論文の概要: Qualitative and quantitative analysis of student's perceptions in the use of generative AI in educational environments
- arxiv url: http://arxiv.org/abs/2405.13487v2
- Date: Mon, 2 Sep 2024 11:43:18 GMT
- ステータス: 処理完了
- システム内更新日: 2024-09-04 18:11:10.941448
- Title: Qualitative and quantitative analysis of student's perceptions in the use of generative AI in educational environments
- Title(参考訳): 学習環境における生成型AI活用における学生の知覚の質的・定量的分析
- Authors: Sergio Altares-López, José M. Bengochea-Guevara, Carlos Ranz, Héctor Montes, Angela Ribeiro,
- Abstract要約: 教育における生成人工知能の効果的な統合は、将来の世代を準備するための基本的な側面である。
本研究の目的は,教室内における制御された学生とIAの相互作用の知覚を定量的かつ質的な視点から分析することである。
- 参考スコア(独自算出の注目度): 0.0
- License: http://creativecommons.org/licenses/by/4.0/
- Abstract: The effective integration of generative artificial intelligence in education is a fundamental aspect to prepare future generations.

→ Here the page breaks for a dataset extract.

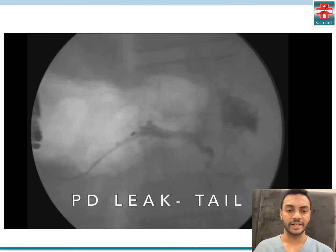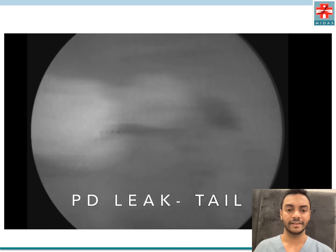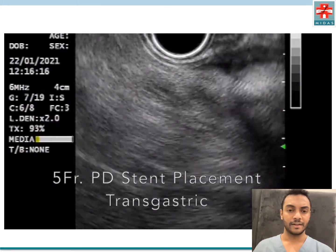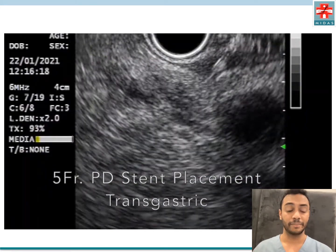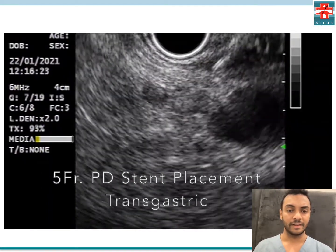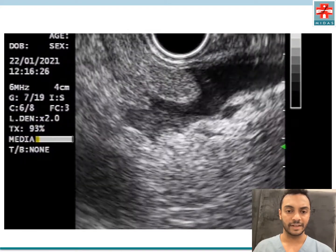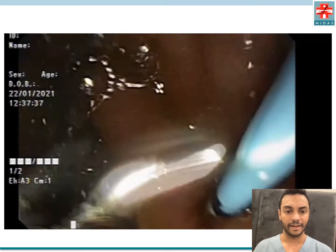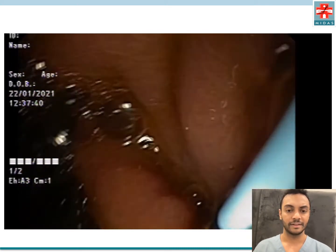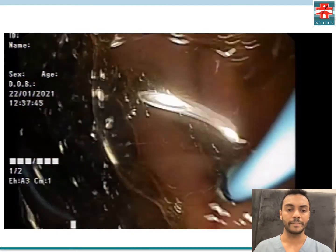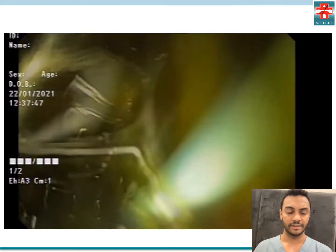Contrast was injected and demonstrated a leak in the tail of the pancreas. Next, we proceeded with placement of a 5 French pancreatic duct stent — with much difficulty, gradually the stent was advanced across the gastric wall and the pancreatic parenchyma into the pancreatic duct. This is the endoscopic view demonstrating the deployment of the stent in the gastric lumen.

The objective of this study is to analyze from a quantitative and qualitative point of view the perception of controlled student-IA interaction within the classroom. This analysis includes assessing the ethical implications and everyday use of AI tools, as well as understanding whether AI tools encourage students to pursue STEM careers. Several points for improvement in education are found, such as the challenge of getting teachers to engage with new technologies and adapt their methods in all subjects, not just those related to technologies.
- Abstract(参考訳): 教育における生成人工知能の効果的な統合は、将来の世代を準備するための基本的な側面である。
本研究の目的は,教室内における制御された学生とIAの相互作用の知覚を定量的かつ質的な視点から分析することである。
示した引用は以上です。